In practice, the constellation of both legal and social power arrayed against the individual Negro pupil and his family prevents most from even applying. Many of those communities in which pupil placement laws are in effect stand ready to apply the severest economic pressures against any Negro parents who file applications on behalf of their children. Moreover, children who win in court face, at best, cool receptions when they come to school—in the lower grades especially—and even the most courageous Negro parents hesitate to visit such a situation upon their children. Thus, it is often difficult for Negro leadership to get any parents to file applications. And to further diminish their number, when the NAACP does make an organized attempt to secure at least token integration, it fights primarily for those applications which indicate the most promise of establishing the discriminatory intention of the laws.
Among the effects within the Southern Negro community of the placement laws and the ensuing various court decisions has been a reaction against the old liberal-legal approach to securing civil rights which has dominated its thinking for a generation. The NAACP, the champion of this approach, accordingly has lost stature in the eyes of many Negroes. Actually, of course, one of the purposes of the placement laws has been to “break the NAACP’s back” by imposing an impossible burden of litigation as the price for even modest progress in school integration. It was the NAACP’s long and relentless legal pressure in the first place, after the 1954 Supreme Court ruling, that brought the various placement laws into being; and now the NAACP is making use of every legal means to weaken these laws and ultimately destroy their effectiveness. But meanwhile, the pupil placement roadblock remains substantially effective, and Negro unrest has grown rapidly. It hardly seems too much to say that the lunch counter sit-ins were engendered by the legal experts who wrote the South’s pupil placement laws.
In some instances, though, the Circuit Courts are already beginning to take a closer look at the pupil placement laws. Several recent court rulings suggest that the wall created by the Supreme Court’s favorable 1958 decision on the Alabama statute may not be impenetrable. In 1959, the Fifth Circuit, in a Florida case, held that pupil placement laws did not automatically relieve local school boards from the obligation of beginning a “reasonable start toward full compliance” with the 1954 school decision. In another Florida case this year, the court also ruled that pupil placement criteria must be applied to all students in order to be constitutional—not just to Negro pupils seeking transfer to white schools. In another 1960 case in the Fourth Circuit, the court held that Negroes need not necessarily exhaust administrative procedures under pupil placement laws to seek a decree for a positive desegregation program. In Alexandria, Virginia, the Fourth Circuit warned against the application of the pupil placement criteria solely to Negroes seeking transfer, and further warned against use of the laws to perpetuate separate white and Negro school districts.

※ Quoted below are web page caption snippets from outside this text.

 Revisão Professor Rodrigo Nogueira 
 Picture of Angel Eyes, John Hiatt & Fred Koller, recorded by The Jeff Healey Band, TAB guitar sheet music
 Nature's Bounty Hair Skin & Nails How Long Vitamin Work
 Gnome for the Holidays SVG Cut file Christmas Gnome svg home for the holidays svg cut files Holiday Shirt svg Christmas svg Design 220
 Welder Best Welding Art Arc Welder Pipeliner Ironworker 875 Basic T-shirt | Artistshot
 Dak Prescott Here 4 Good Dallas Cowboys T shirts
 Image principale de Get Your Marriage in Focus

Thus, these recent rulings suggest conflicts of fact and interpretation which may ultimately result in Supreme Court decisions of broadly applicable rules of law.
Yet meanwhile, the placement laws remain in force with court blessing. Six years after the Supreme Court ruled that segregated schools violate the Constitution, the Negro who wants equality of educational opportunity for his child often stands substantially alone. In the next few years, as the intention of full defiance or token compliance becomes the clear position of the hard-core South, the nation will find itself coming closer to a genuine decision on whether or not it really intends the Supreme Court’s ruling of 1954 to become the law of the land. The effect of the pupil placement laws is to focus and sharpen this decision.